Javed Anand & Teesta Setalvad

Posted: Dec 02, 2004 at 1404 hrs IST

Tavleen is entitled to her opinion of us and our magazine, but does it give Ms Singh the right to distort facts, give journalistic ethics the go-by and parade insinuation as argument?

If a high-flying columnist such as Tavleen Singh were to limit herself to peddling prejudice, paranoia and sheer naivete as informed opinion, who are we to stand between her and her precious constituency? But when basic journalistic ethics are given the go-by even while a facade of objectivity and even-handedness is diligently maintained, when insinuation is paraded as argument, when facts are selectively handpicked to dress up fiction, Ms Singh’s bluff needs to be called.

In her recent column ‘The communalism divide’ (The Sunday Express, Nov 21), the prime target of Ms Singh’s wrath are ‘‘magazines and NGOs who have thrived on maligning India for being a country as fundamentalist as our Islamic neighbours’’. Ms Singh’s ‘‘anti-national’’ magazines and NGOs remain nameless and faceless, with the sole exception of Communalism Combat, the monthly magazine that we co-edit. But even here, instead of holding her ground as an honest critic, she stoops to the hit-and-run tactics of cowardly journalism.

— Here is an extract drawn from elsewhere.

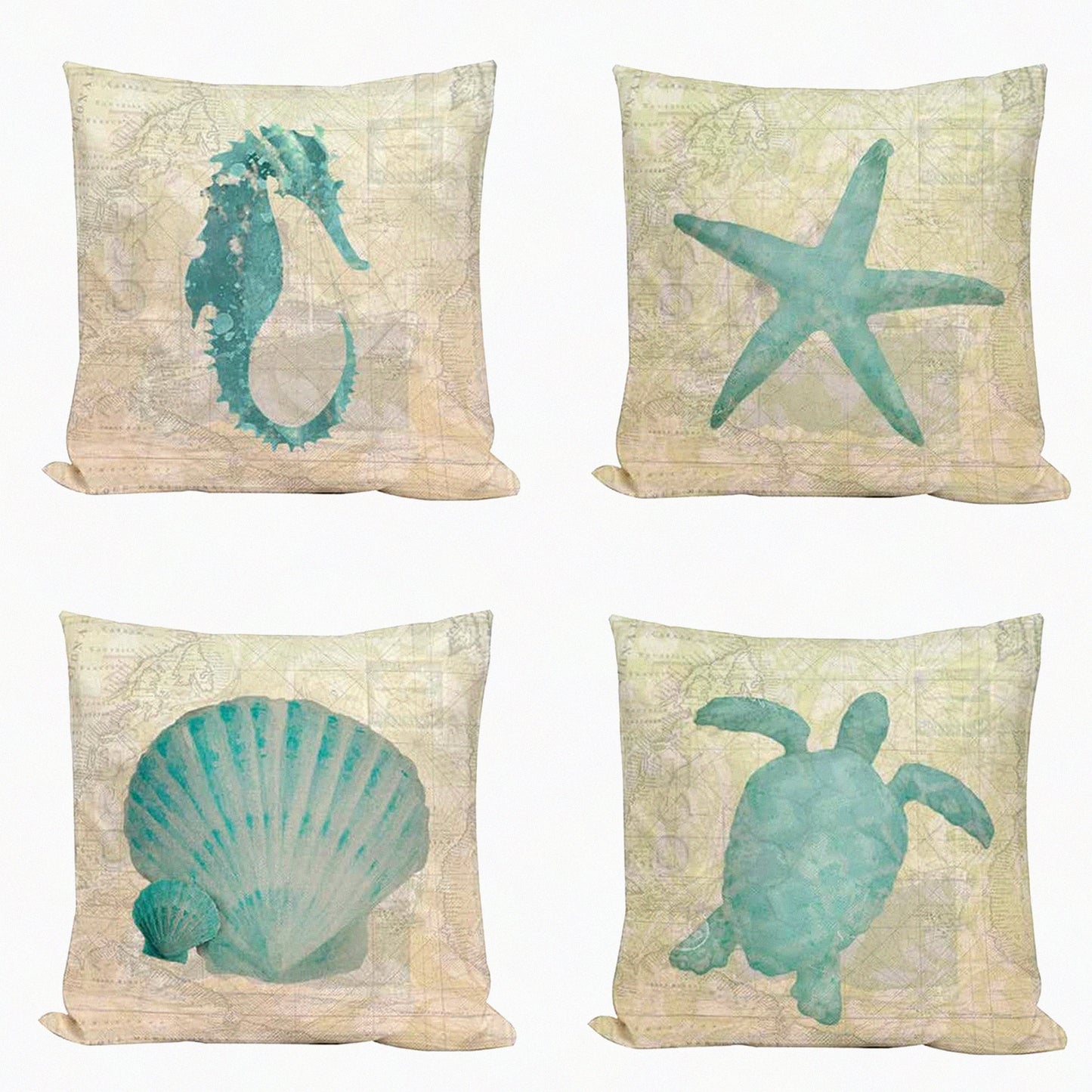Nautical Summer Decor Pillow Covers - Set of 4 Ocean Beach Starfish SeaTurtleSeahorse Scallop Shell WorldMap Throw Pillow Cases 18x18 - Vintage Coastal VO-Ocean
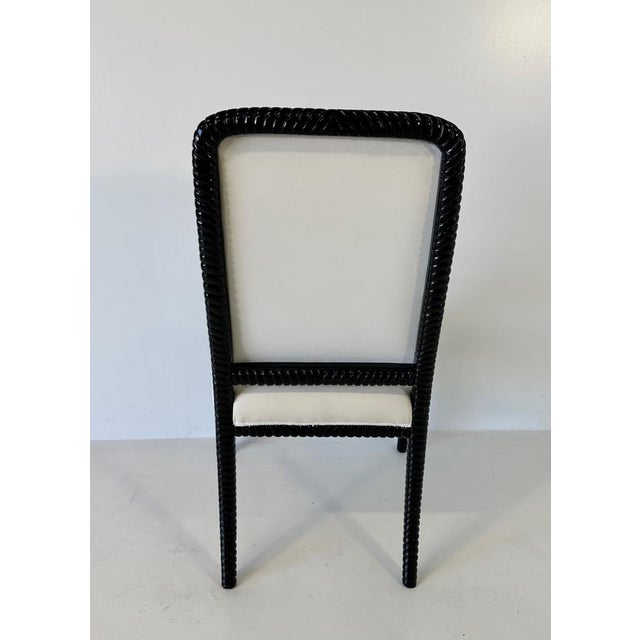 Cream Velvet and Black Lacquered Chairs, Set of 6 For Sale - Image 9 of 13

Before writing her column, Ms Singh e-mailed us a list of ‘‘harsh questions’’. They added up to the charge that we are a shady, unregistered outfit (NGO), accountable to no one, funded by ‘‘Saudis of a dubious nature’’ for publishing a magazine that cries itself hoarse over Muslim victims of communal violence but keeps silent over the plight of Kashmiri Pandits and the victims of the anti-Sikh carnage in 1984.

We give a detailed reply to all the questions. We categorically state that the magazine or its editors do not have a single petro-dollar to hide, that Communalism Combat is not an NGO activity but is published by a registered, private limited company whose audited annual accounts are regularly filed with the Income Tax and other authorities. In addition, we attach a specially-prepared list of headlines of cover stories and special reports published by Communalism Combat since its launch in August 1993, so that Ms Singh could see for herself that the magazine has been as unsparing of Muslim communalism and extremism, lamented the fact that the victims of the anti-Sikh carnage of 1984 had been denied justice, frequently highlighted the plight of Kashmiri Pandits, and repeatedly castigated Bangladesh and Pakistan for the persecution of religious and ethnic minorities. (We would be happy to e-mail a copy of the list to all interested readers of The Indian Express). We also inform Ms Singh that she is welcome to access archives on our website,

It is obvious in retrospect that Ms Singh was merely interested in those bits of facts that suited her thesis, the rest she would twist or fabricate.

‘‘In the vanguard of those fighting Hindu fundamentalism was Teesta Setalvad’s magazine, Communalism Combat....’’ Excuse us. Ms Singh is entitled to her opinion of us and of our magazine, but what gives her the right to distort facts? Did she not owe it her own professional integrity to share with her readers the information (fact) that the editors she accuses of being concerned with fighting Hindu fundamentalism alone, among other things, co-hosted the visit of Taslima Nasreen to Mumbai in March 2000, kept her at their own home, arranged public meetings and interviews for her, in support of her right to be heard and in defiance of Muslim fanatics who had threatened to burn Taslima alive if she dared enter the metropolis?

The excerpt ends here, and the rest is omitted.